During the height of the steroids-in-baseball scandal a friend defending the muscle-bound sluggers asked, “You mean to tell me that if someone came up to you and offered you a pill that would make you dramatically better at your job and ratchet up your pay grade that you wouldn’t take it?”

It was an interesting hypothetical and it gave me pause, but since being able to bench press a Chevy Malibu wouldn’t really give me much of an advantage over my fellow movie critics I quickly dismissed it.

However, the new thriller “Limitless” envisions a world where I wouldn’t be let off the hook so easily as a black-market pill has been devised that greatly enhances mental prowess, creating the cerebral version of Barry Bonds.

I thought I had this movie pegged from the trailer, which showed a schlubby writer (as played by Bradley Cooper) who, thanks to a little clear pill, becomes a super-slick brainiac.

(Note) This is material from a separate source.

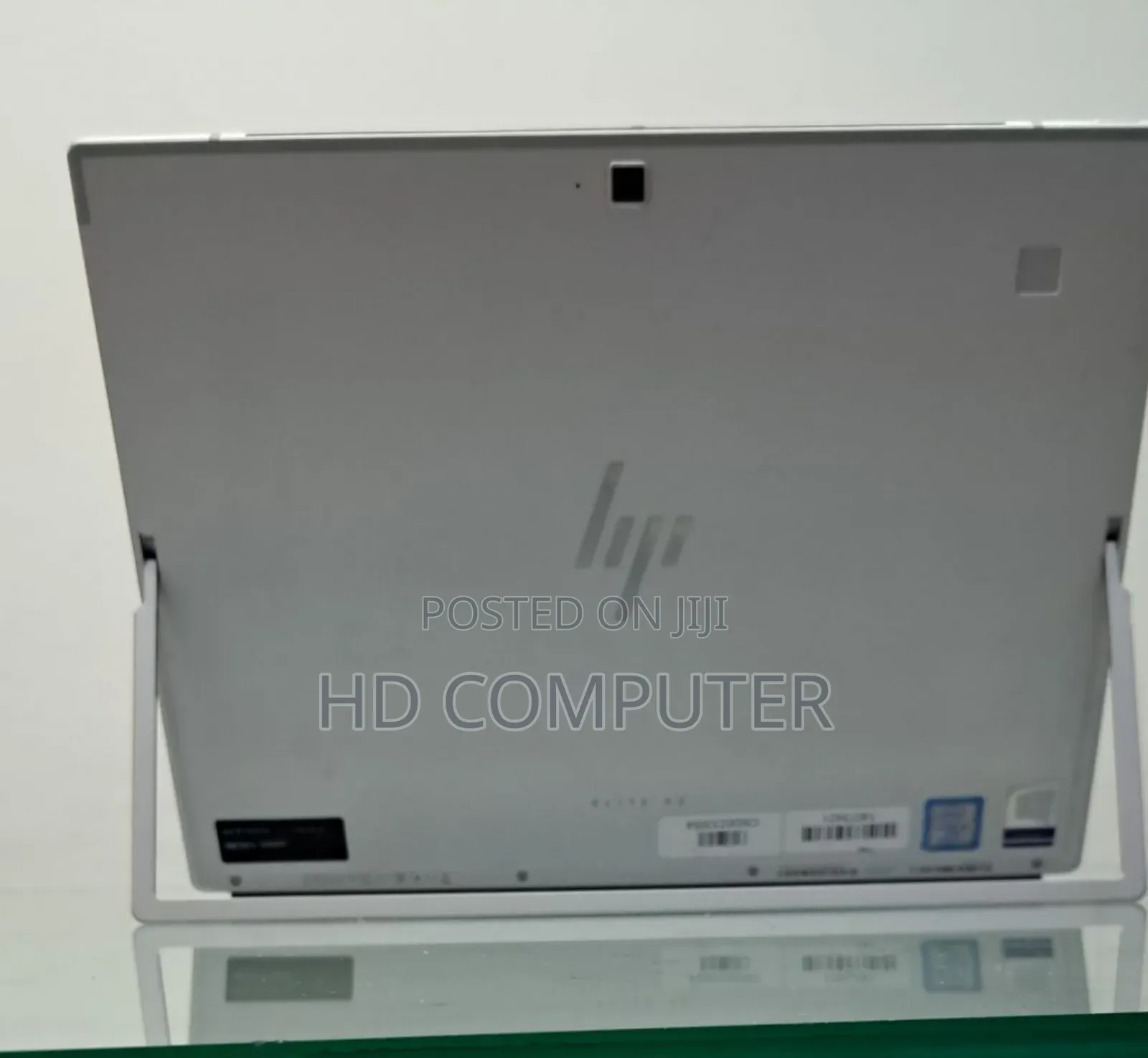 New Laptop HP Elite X2 1013 G3 16GB Intel Core I5 SSD 256GB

In my mind the movie would unfold with Cooper achieving greatness, dealing with unwelcome side effects, realizing that life is better without the pill, credits roll, we’re all better people, stay in school kids and don’t do drugs.

Fortunately “Limitless” isn’t content with being a simple morality tale and instead unspools as a dynamic thriller that plays with some weighty issues along the way.

The movie was directed by Neil Burger who is probably best known for his film “The Illusionist.” Burger never once settles for a simple shot as “Limitless” is visually compelling throughout, especially with the clever visuals he uses to illustrate the effects of the drug. I think it would be fair to count David Fincher amongst Burger’s influences as when combined with Cooper’s voice-over narration “Limitless” plays out a bit like a poor man’s “Fight Club.”


Cooper erases any doubts of his ability to be a leading man, and while he is most believable as a fast-talking dynamo, his best acting might be during his pre-drug phase as an unkempt, failing author.

Supporting turns are also solid, including Abbie Cornish as Cooper’s on-again/off-again girlfriend and Robert De Niro as a corporate tycoon looking to take advantage of Cooper’s emergence as a financial wunderkind. De Niro’s role is little more than a cameo, but he does have a couple of great scenes that represent his best work in at least a decade. Granted, that’s not saying much, but still.

“Limitless” is a compelling enough movie just to look at and becomes an effective thriller as dark forces begin to collect around Cooper’s new-found ambition. But what’s maybe even more surprising is that this film doesn’t shy away from being a little intellectually challenging as well.

Plotwise “Limitless” does leave a bit to be desired. Several issues never get satisfactorily resolved, character motivations are often murky and the movie does sag at times under the weight of the ridiculousness of the premise.

That said, the film does deserve credit for diving right in to issues of identity, morality, addiction, altruism and ambition and for not being afraid to admit there are no easy answers. Even the ending is compellingly vague, leaving us to wonder if advantages in pill form are inherently good or bad or if we even have the ability to tell the difference.

“Limitless” is rated PG-13 for thematic material involving a drug, violence including disturbing images, sexuality and language.